Composed of five lines of text that stretch out into interconnected yet disparate strands in three-dimensional space, the sculpture refuses to be distilled into a singular meaning. There is neither a clear order nor a clear narrative to the text written on the metal girders, manifesting an aesthetic that Garnet tells us "is not didactic and does not come to resolution." Instead, the artist called the sculpture "a critical and humorous take on the underlying existential worries of everyday life."
Reading out the sculpture's text, Garnet recites the lines: FROM ONE NARRATIVE TO THE NEXT / IF NOT TOMORROW TOMORROW / LUCKY ENOUGH TO FLY INTO THE FLAME / SLOWLY SURELY DISAPPEARING / FOLLOWED BY MOMENTS OF EQUILIBRIUM.
Tucked away just west of Yonge Street amidst the preserved heritage properties that front the 48-storey Hariri Pontarini-designed tower, the sculpture's location also lends it a particularly polyvalent presence in Toronto's streetscape. Neighboured by one of the largest facade retention projects in Canadian history, Artifacts of Memory implicitly complicates—and enriches—the politics of heritage preservation.

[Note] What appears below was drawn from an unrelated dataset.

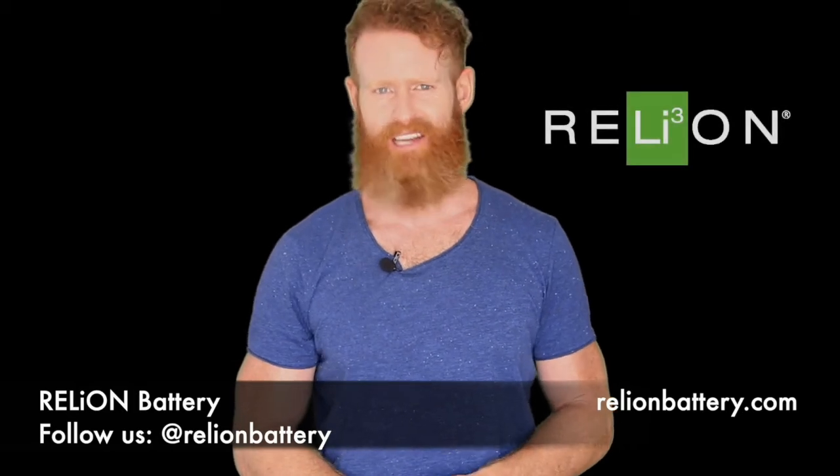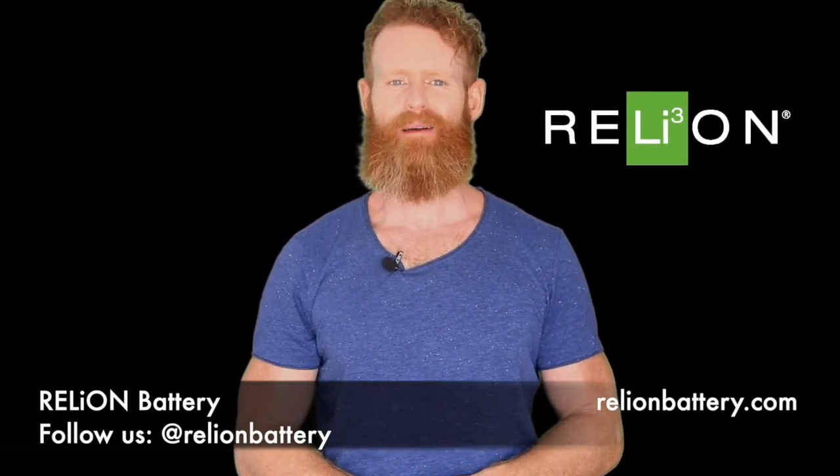Hi and welcome to another edition of Tech Tuesday. Today we're going to talk about regenerative braking.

The sculpture reminds us that history does not flow forward as a singular and certain narrative, but as an amorphous cacophony of voices. Here, the text that we usually read left to right also goes up, down, and sideways. "It challenges our thinking about history and heritage," the artist tells us.

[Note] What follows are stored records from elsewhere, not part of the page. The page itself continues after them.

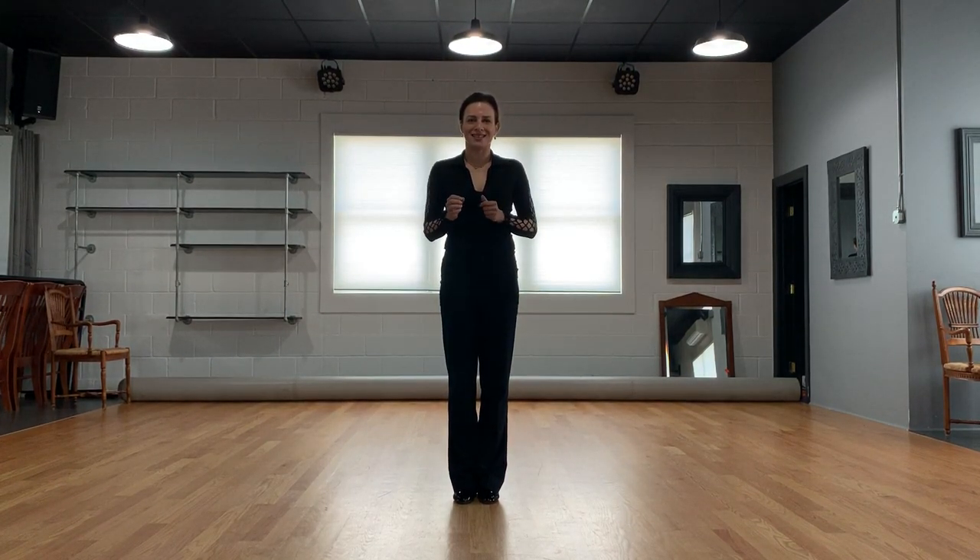Hi everyone, this is Julia with Excluded Dance Studios. The topic is the counter rotation left and right for a backward step in ballroom dancing. I'm going to show you the home exercise where I can help you to improve that.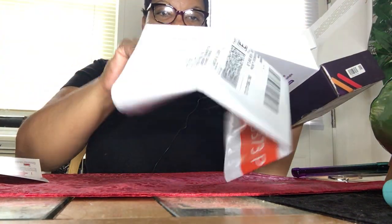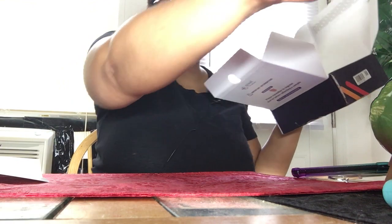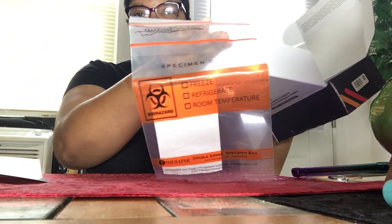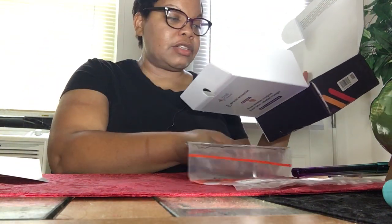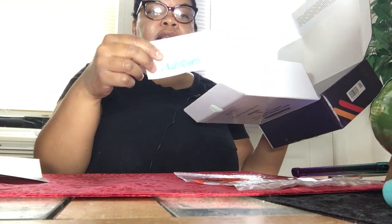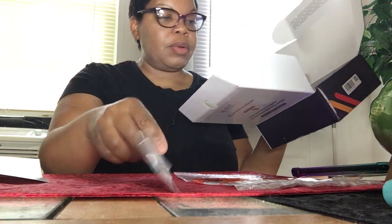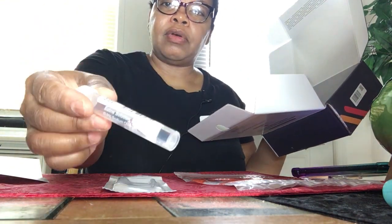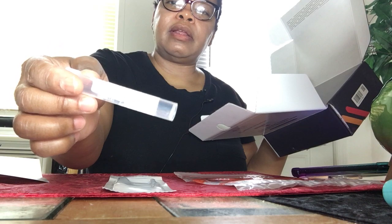Everything has to go back in this box, and this is the huge envelope they want the box to go into. This is the specimen bag, the biohazard bag, this is the nose swab, and this is the vial with the liquid in it.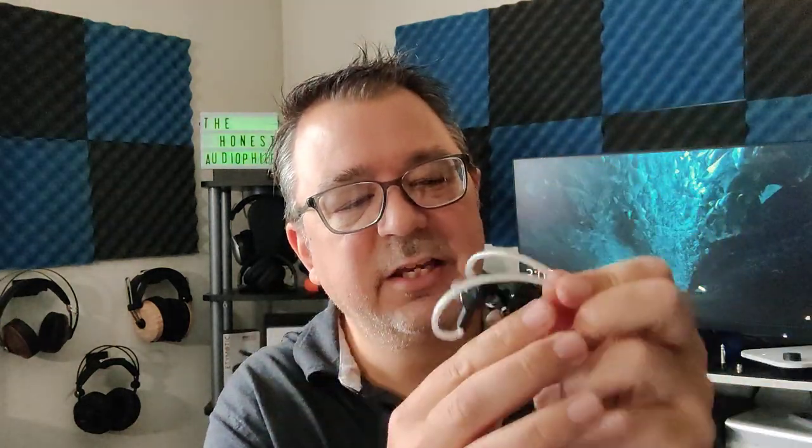Geekwold, you can up the build quality a little bit here. The cable is actually fairly nice — I would use this cable with other IEMs. It's a custom build, universal shell, nothing too spectacular. Fit and comfort is okay. They are lightweight, which is kind of shocking for the five-driver tribrid design. The cable, as I said, is the best built part of the Geekwolds.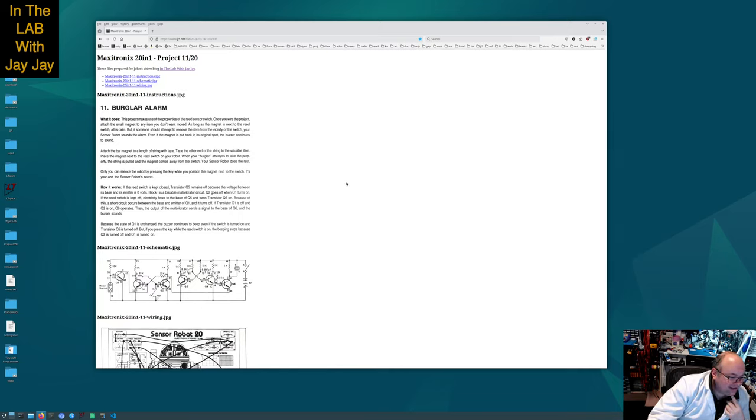That's security through obscurity - we shouldn't be doing that! Of course, this is just an excuse to show you how the multi-vibrator works. If the reed switch is kept closed, and this is the key here on pins 18 and 16 - if the reed switch is kept closed, transistor Q5 remains off because the voltage between its base and its emitter is zero volts. Block one is a bi-stable multi-vibrator circuit. Q2 goes off when Q1 turns on. This is the reed switch, this is the key.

With the installation of the sculpture, the developers' large-scale and almost unprecedented heritage preservation on the site is met by a commitment to creating what Councillor Kristyn Wong-Tam characterized as "an intellectually challenging space." Preserving architecture does not entail a straightforward restoration of the past, or an elegantly absolute correction of decades of neglect. For Garnet, this is merely one of the stories we tell. One narrative among many.
To celebrate the sculpture's unveiling, Garnet was joined by MOD Developments' Gary Switzer, Graywood's Gabe Dimartino, Art Strategies Inc.'s Irene Szylinger, and Ward 27's Kristyn Wong-Tam. The party gathered beneath the metal sculpture on the cold Thursday morning for a group picture as a row of photographers lined up to capture the group. Yet, as if to underscore the playful complexity of Garnet's work, the reality of urban life interfered as David 'Zanta' Zancai suddenly took the stage.
Through a barage of push-ups and garbled obscenities, the well-known Downtown 'performer' abruptly turned the occasion on its head. Standing up to join the assembled party, Zancai then took his place in front of the sculpture, gesturing wildly as others stood smiling at the cameras.
It wasn't exactly pretty, but then again, 'pretty' is hardy the right word to describe the sculpture either. And it's hardly the right word to describe the messy and unpredictable beauty of urban life.